ここ数年来、5月下旬、教員時代の先輩から、陶芸作品の個展案内の招待を受け、松本へ伺う。佐久への帰路、峠路に山法師の群生地があり、生け花用に失敬してくる。悲しいかな、感動的な枝も数日で萎れてしまう。
しかし、手折る前は、俳句に詠んだ通りの様だ。
生物学的には、花に見える白い十文字も葉である。
花は、その中央にあり、小さく地味な存在である。そんな花を白い葉と緑の葉で守っている。風に葉が戦ぐと、僧侶の読経ように感じられた。植物名から仏事を連想して、「卍」葉としてみた。
【俳句-②】は、私有地(山林)の境に、巨大な安山岩が使用されていること知り、先祖が子孫へと遺言する智恵に感動して詠んだ。
燻製チップ材に落葉樹が欲しいと、木材業者が買い付けに来た。我が家の山林の境を登記簿と照らし合わせ、私は業者の方と、実地に踏査してみる機会が発生した。祖父とも、父とも山林に入ったことはあったが、境界を一周して確認したことはなかった。
だから、私にとって、有り難いことでもあった。山林の更新時期としても、適当らしい。前回の伐採後に生えた二股幹も目に付いた。一世代(約30年)程かけて山林は復元していくようだ。
『石口上』は比喩だが、私の知る二代前(祖父)よりもっと昔の先祖からの遺言のように感じられて、感動した。
【俳句-③】は、いつもの時間にやってきて、いつものように囀る四十雀が、愛おしくて詠んだ。しかし、いつも鳥語の意味を推理している。
繁殖期の『ツツピー』を3回繰り返して囀るのは良く聞いた。その後、私の起床時刻と前後して、『ピツ・ピツ・ピ』を3回繰り返した囀りを聞くことがあり、『また来たな』と、来訪を楽しみにしていた。ところが、囀りの最後を空手の「寸止め」のようにして3回で終わりにするパターンと、2回で終わるパターンが組み合わさっていた。
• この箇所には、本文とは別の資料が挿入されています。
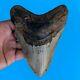Megalodon Fossil Shark Tooth? 5.3? Authentic No Restoration Teeth T81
私が聞いて疑問に思ったぐらいなので、専門家たちは興味を持って調べているらしい。研究情報によれば、囀りを繰り返すことがあり、異なる回数の組み合わせを使って、情報交換をしているのではないかという仮説があり、研究されている。
今月テーマの「自然が語ること」より、主体的に人間に伝えようとする意志の存在があるのだと思う。擬人ではない、自然の真実を見極めたい。
【編集後記】
【俳句―②】に登場した広葉樹の山林が、周囲の他の方の所有する民有地の山林と共に伐採された。この句を詠んだ時から、ほぼ一年を経て、まだ、近くの山林の伐採しているようだが、散歩を兼ねて様子を見にでかけた。
チェーンソーで伐採した後、大型の重機を使って運搬するので、林内は重機のキャタピラ跡が、林道のようになっていて、驚いた。障害物の無くなった山の斜面から、浅間山系や佐久平が一望できて、胸のすく思いだが、地面を見ると悲しくなった。
後日、可能な限り整地してくれると言うが、団栗が落ちた実生が、果たして何年かかって、豊かな林に戻っていくのだろうか?
昭和30年代~40年代前半頃の「山仕事」と言うと、主に屋外での農作業がなくなる冬期から春先に、燃料用の「薪(まき)」や「ぼや(小枝)」の束を作るために、森林を伐採していた。ただし、間伐というイメージである。これだけ、完璧に伐採された荒れ地を見ていると、周囲から供給されないので、団栗を他から拾ってきて撒くか、苗木を植樹をしないといけないかなあと思っている。